Prompt: Transcribe the data exactly, pictures excluded.

Extracted information:
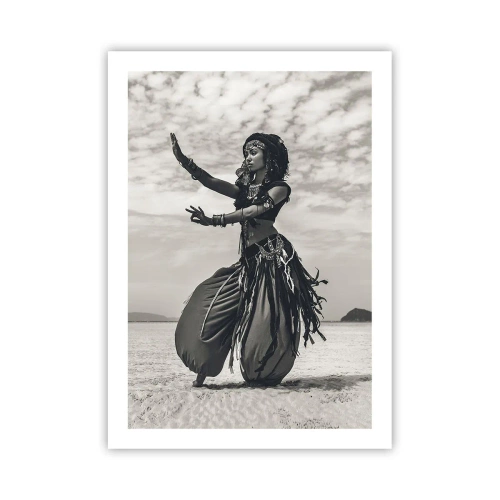 Affiche - Poster - Une danseuse ethnique dans un paysage désertique - 50x70cm - Danse des îles du sud - Décoration murale moderne pour le salon et la chambre ARTTOR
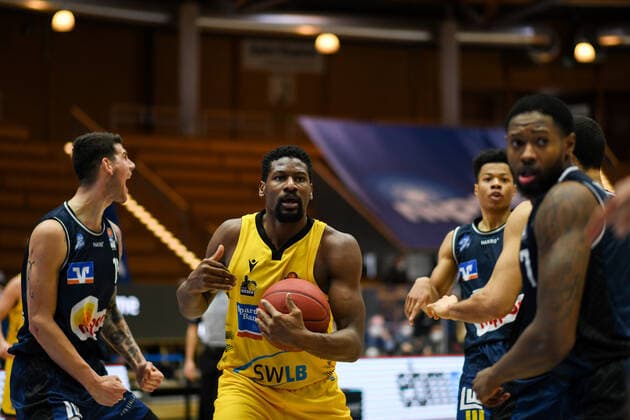 Yorman Polas Bartolo (MHP Riesen Ludwigsburg) schaut zum Schiedsrichter, im Hintergrund jubelt Bogdan Radosavljevic (HAKRO Merlins Crailsheim), GER, HAKRO Merlins Crailsheim vs. MHP Riesen Ludwigsburg, 14.03.2021, 23. Spieltag easycredit Basketball Bundesliga, Spielzeit 2020 2021. GER, HAKRO Merlins Crailsheim vs. MHP Riesen Ludwigsburg, 14.03.2021, 23. Spieltag easycredit Basketball Bundesliga, Spielzeit 2020 2021 Crailsheim Copyright: xEibnerxPressefoto MichaelxMemmlerx EP_MMR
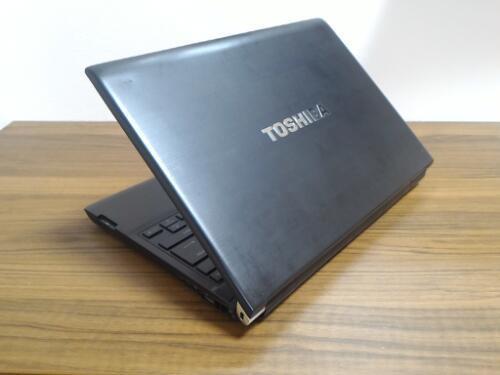 WEBカメラ付きi5-2.7G＆SSD240G+8GメモリーのWin10 富士通製 ネットも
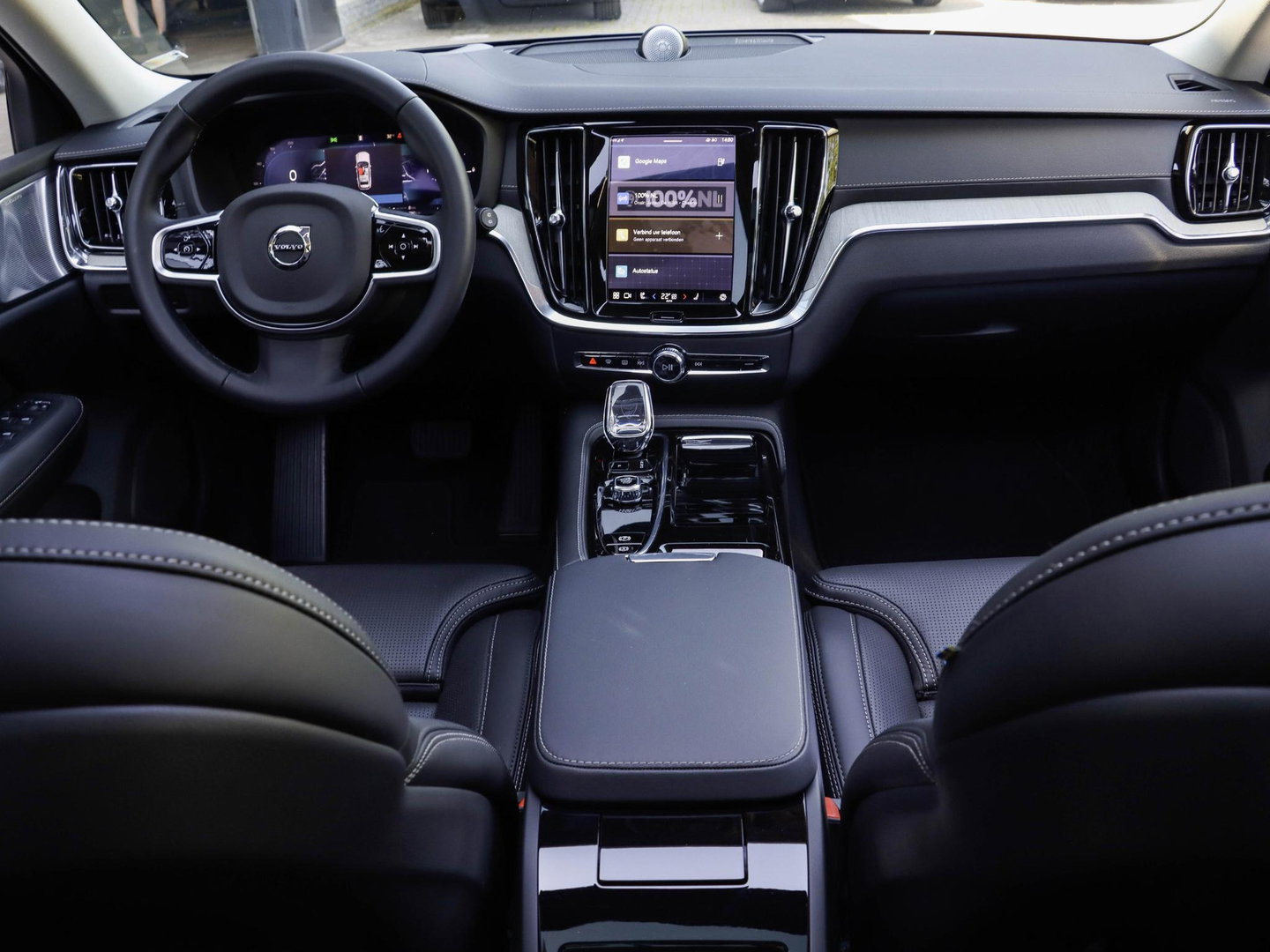 Volvo V60 T8 AWD Ultra Dark Bowers & Wilkins Massagestoelen Stoelventilatie Panodak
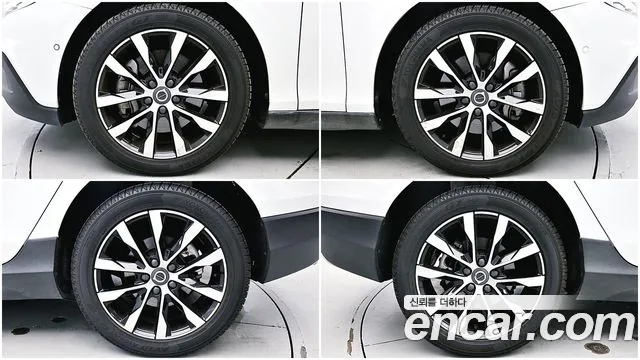 Volvo V40 2019 thumb 5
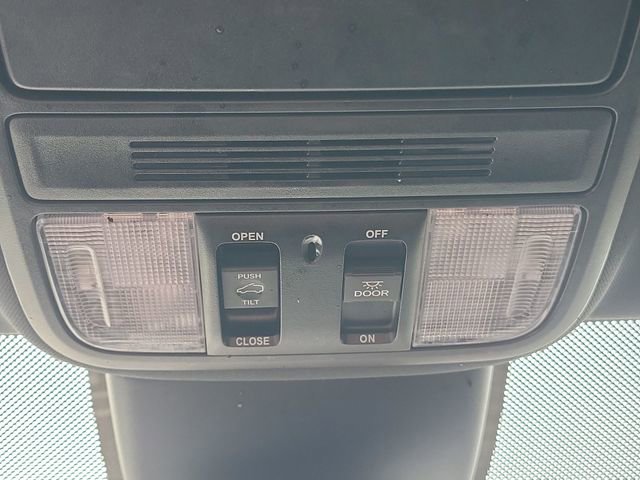 Used 2024 Honda Odyssey Sport image 25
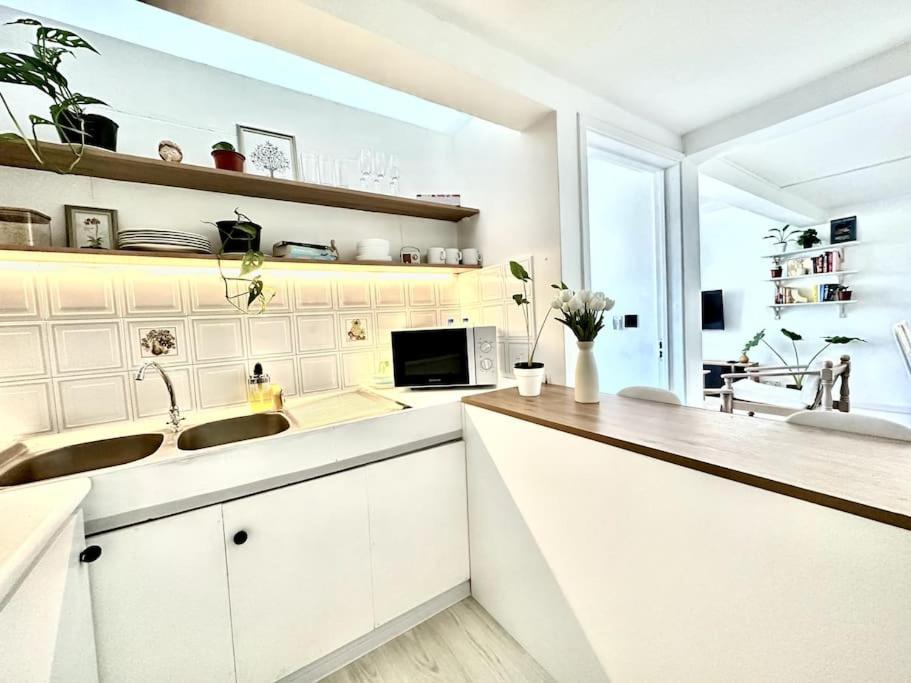 3 Bedroom Beachside Apartment - 30 Secs From Beach Flic-en-Flacq المظهر الخارجي الصورة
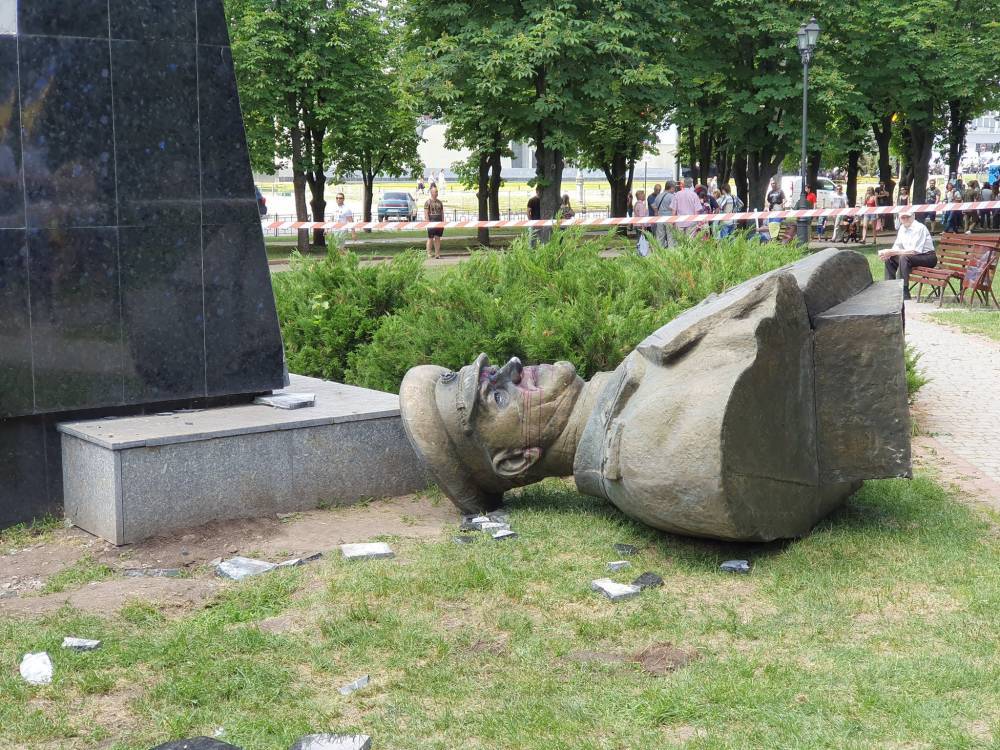 Харьков готов восстать против Кернеса из-за памятника Жукову: на депутатов уже стали нападать, детали
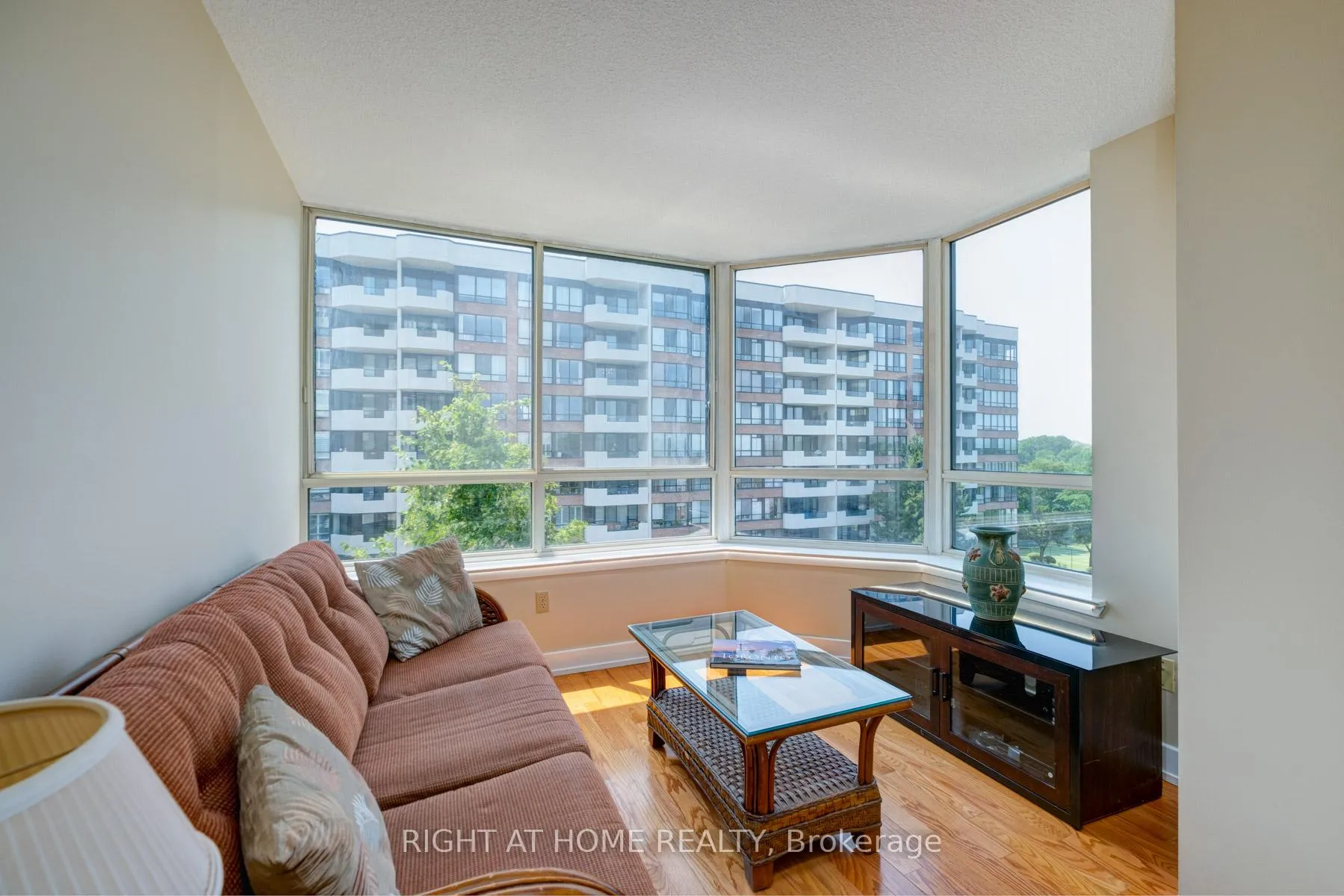 Photo 17 of Unit 624, 25 Austin Drive, Markham, Markville — HOMEH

Result for this exercise:
 Affiche - Poster - Une danseuse ethnique dans un paysage désertique - 50x70cm - Danse des îles du sud - Décoration murale moderne pour le salon et la chambre ARTTOR
 Yorman Polas Bartolo (MHP Riesen Ludwigsburg) schaut zum Schiedsrichter, im Hintergrund jubelt Bogdan Radosavljevic (HAKRO Merlins Crailsheim), GER, HAKRO Merlins Crailsheim vs. MHP Riesen Ludwigsburg, 14.03.2021, 23. Spieltag easycredit Basketball Bundesliga, Spielzeit 2020 2021. GER, HAKRO Merlins Crailsheim vs. MHP Riesen Ludwigsburg, 14.03.2021, 23. Spieltag easycredit Basketball Bundesliga, Spielzeit 2020 2021 Crailsheim Copyright: xEibnerxPressefoto MichaelxMemmlerx EP_MMR
 WEBカメラ付きi5-2.7G＆SSD240G+8GメモリーのWin10 富士通製 ネットも
 Volvo V60 T8 AWD Ultra Dark Bowers & Wilkins Massagestoelen Stoelventilatie Panodak
 Volvo V40 2019 thumb 5
 Used 2024 Honda Odyssey Sport image 25
 3 Bedroom Beachside Apartment - 30 Secs From Beach Flic-en-Flacq المظهر الخارجي الصورة
 Харьков готов восстать против Кернеса из-за памятника Жукову: на депутатов уже стали нападать, детали
 Photo 17 of Unit 624, 25 Austin Drive, Markham, Markville — HOMEH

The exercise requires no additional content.